Defeating injection attacks is a hard problem, and I wish we at Microsoft had solved it in the type system, rather than creating a market for expensive third-party solutions that use symbolic execution to effectively do the work of imposing a type system post hoc on an existing program.

A parable

Once upon a time I was in high school. Ah, the halcyon days of my youth. One day I was sitting in class, minding my own business when the teacher said: “Does anyone have a thin metal ruler?”

No answer. Apparently no one had a thin metal ruler.

“No? How about a nail file?”

No answer. Now, I cannot imagine that of all the girls in the class, not one of them had a nail file. But I can well imagine that none of them wanted to share it with a teacher.

“No? Hmm.”

So I piped up: “What do you need a nail file for?”

“I have this big staple in this document that I need to remove.”

Upon which point one of my classmates mentioned that he had a staple remover. Problem solved.

Over and over again I find that script customers (both internal consumers here at Microsoft and third-party developers) frequently ask questions like my teacher. That is, they have a preconceived notion of how the problem is going to be solved, and then ask the necessary questions to implement their preconceived solution. And in many cases this is a pretty good technique! Had someone actually brought a thin metal ruler to class, the problem would have been solved. But by choosing a question that emphasizes the solution over the problem, the questioner loses all ability to leverage the full knowledge of the questionees.

When someone asks me a question about the script technologies I almost always turn right around and ask them why they want to know.

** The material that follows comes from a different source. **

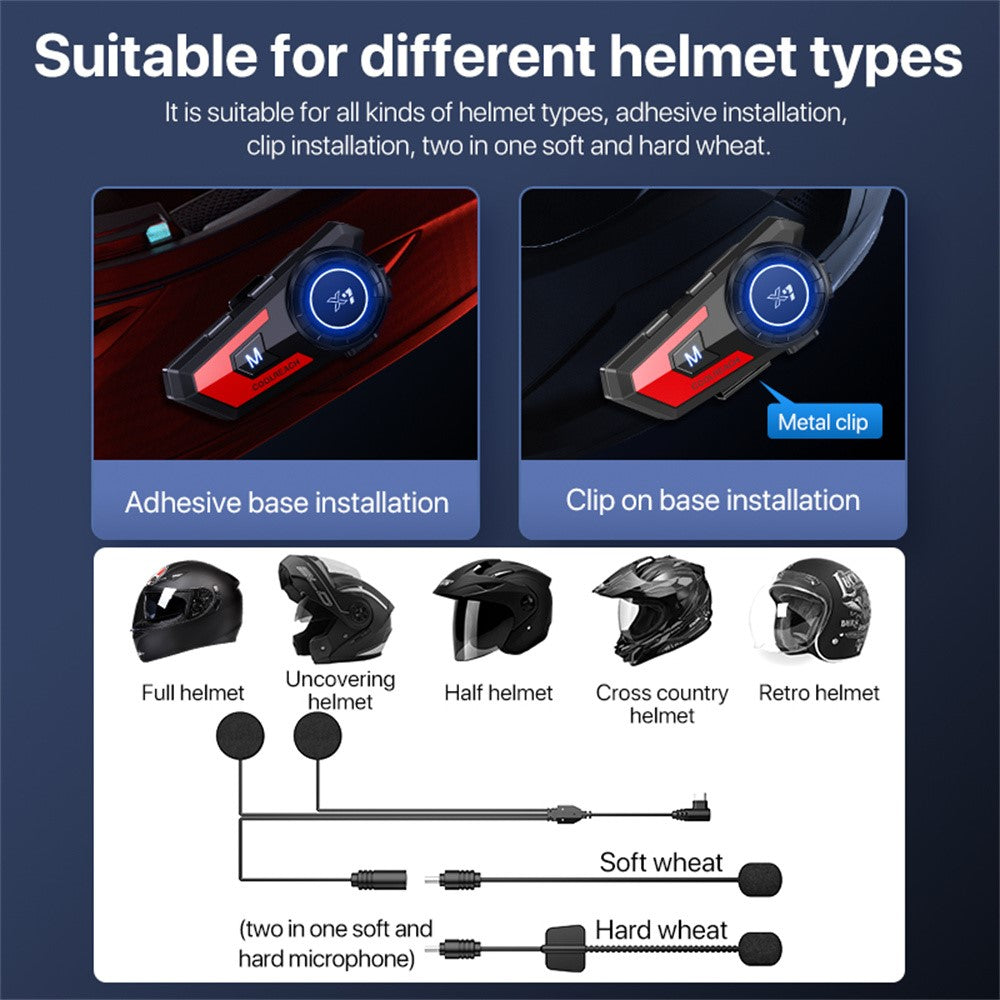 COOLREACH X7 Motorcycle Helmet Bluetooth-Compatible Headset Waterproof Wireless Earpiece with 2-in-1 Soft and Hard Mic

I might be able to point them at some tool that better solves their problem. And I might also learn something about what problems people are trying to solve with my tools.

Joel Spolsky once said that people don’t want drills, they want holes. As a drill provider, I’m fascinated to learn what kinds of holes people want to put in what kinds of materials, so to speak. Sometimes people think they want a drill when in fact they want a rotary cutter.


Commentary from 2019:

First off, I misattributed that quotation. “People don’t want to buy a quarter-inch drill, they want a quarter-inch hole.” is a quote from the economist Theodore Levitt. At the time I wrote this, I was sure that I had read about this idea in a Joel On Software article, but if I did, I cannot find it now. Apologies for the error.

Second, I did not know at the time that we have a name for this pattern of “have a problem, get a crazy idea about a solution, ask baffling questions about the crazy idea, rather than stating the problem directly” that we see so often on StackOverflow. It is an “XY problem“, which strikes me as a terrible name.

Third, I am reminded of a story about the time I was helping Morton Twillingate put a roof on his shed. “Hand me the screw driver there b’y,” he said so I handed him a Philips head screwdriver. “Sweet t’underin’ Jaysus b’y, give me the screw driver!” he said, pointing at the hammer in my other hand, “If I’d wanted the screw remover I’d have said so!”

 

Eval is evil, part one

The eval method — which takes a string containing JScript code, compiles it and runs it — is probably the most powerful and most misused method in JScript. There are a few scenarios in which eval is invaluable. For example, when you are building up complex mathematical expressions based on user input, or when you are serializing object state to a string so that it can be stored or transmitted, and reconstituted later.

However, these worthy scenarios make up a tiny percentage of the actual usage of eval. In the majority of cases, eval is used like a sledgehammer swatting a fly — it gets the job done, but with too much power. It’s slow, it’s unwieldy, and tends to magnify the damage when you make a mistake. Please spread the word far and wide: if you are considering using eval then there is probably a better way. Think hard before you use eval.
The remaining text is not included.